In some instances, it may cost more to transfer credit card debt than to consolidate debt using a loan. Consider using loans with monthly installments, such as personal loans, to pay off high-interest credit cards if you have a lot of debt to transfer.    

Billing Cycle

A billing cycle is a timeframe from one credit card statement to the next. According to the CARD Act, a billing cycle must be at least 21 days, but it can last as long as 45 days. You can view your billing cycle on your monthly statement. 

Cash Advance

A cash advance is when you withdraw cash using your credit card at an ATM. You cannot withdraw the total amount of your credit limit, only a small portion. The amount you can get in cash depends on the credit card issuer. Cash advances can be costly since you have to pay a cash advance fee. A Cash advance fee is typically 5% or $10 per advance (whichever is greater).

Credit Utilization Rate

Credit card utilization is the amount of debt you have compared to your total credit limit. When you apply for a credit card or credit limit increase, the creditor will analyze your credit utilization ratio to determine your ability to manage your finances. 

If your current balance is more than 30% of your credit limit, you have a high credit utilization ratio.
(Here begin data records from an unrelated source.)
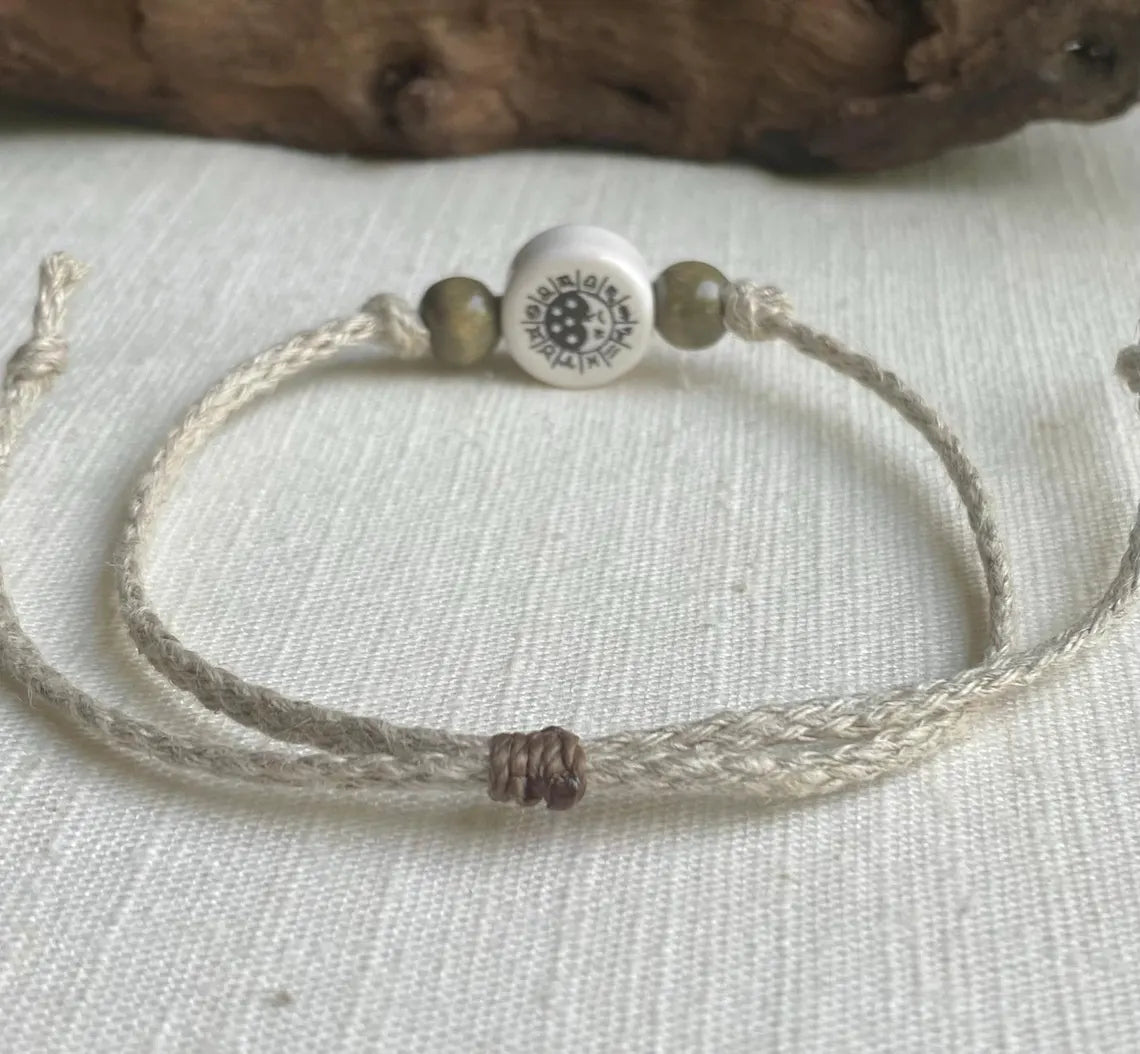 Ceramic Moon & Stars Bead Organic Natural Hemp Anklet Adjustable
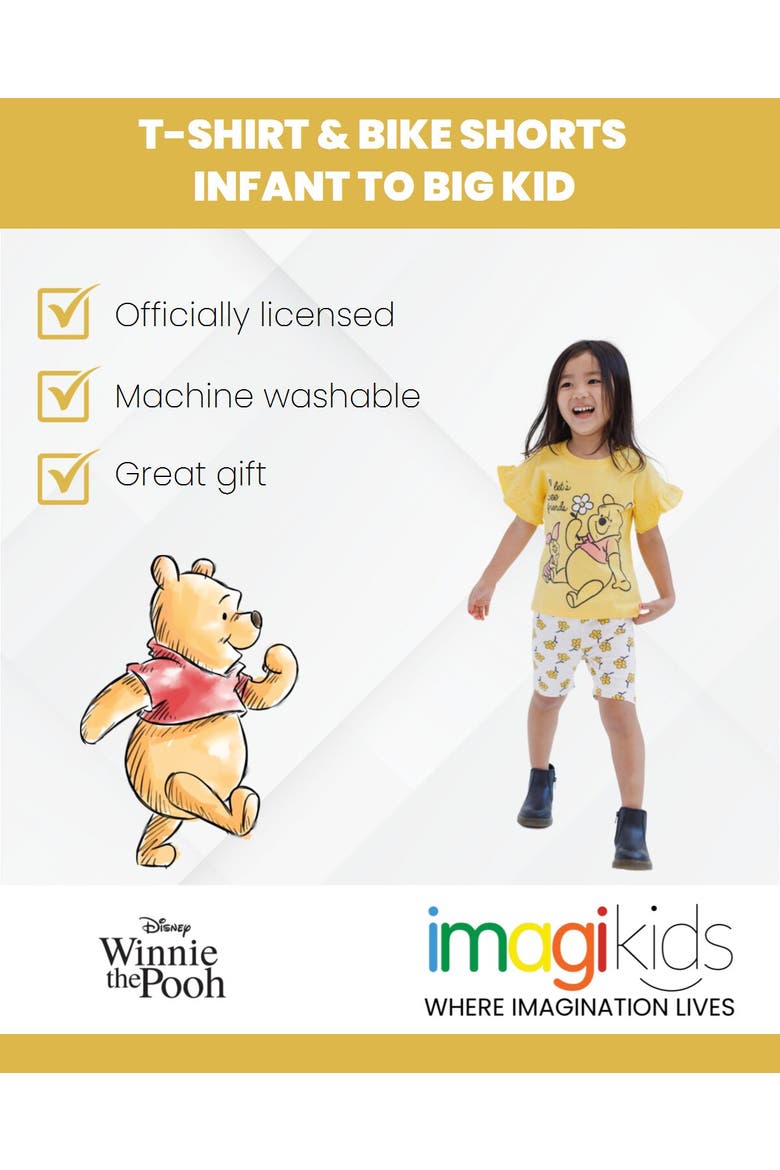 Moana 2-Piece T-Shirt and Bike Shorts Set, Alternate, color, Pooh Piglet Yellow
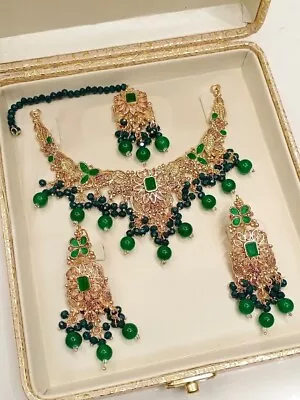 Indian Pakistani Party Wear Set Bridal Set With Choker Tikka Jhumar Earrings • £45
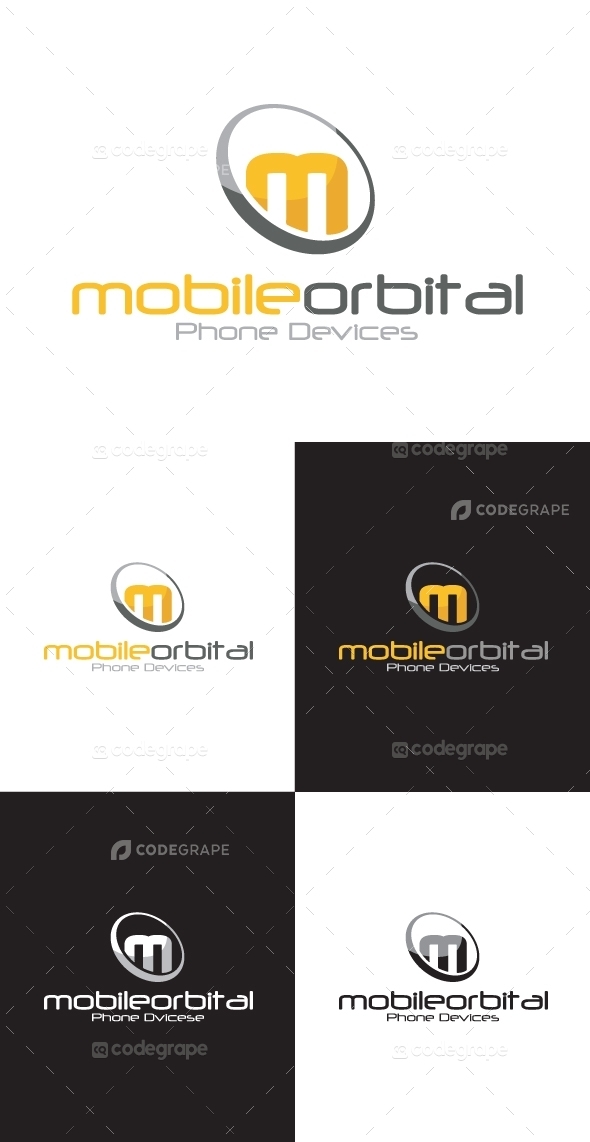 Mobile Orbital M Letter Logo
A high utilization ratio signifies that you are a financial risk, and your credit score can be negatively affected. Maintaining a low credit card balance can help you build good credit over time!

Minimum Payment

A minimum payment is the lowest amount you can pay at the end of each billing cycle. The amount you have to pay depends on how your credit card company calculates payments. 

The Bottom Line: Available Credit vs. Current Balance

Your current balance is the amount of money you owe for using your credit card, while your available balance is the amount you have left to spend. Knowing exactly how a credit card works and where your money goes can help you improve your finances and build credit!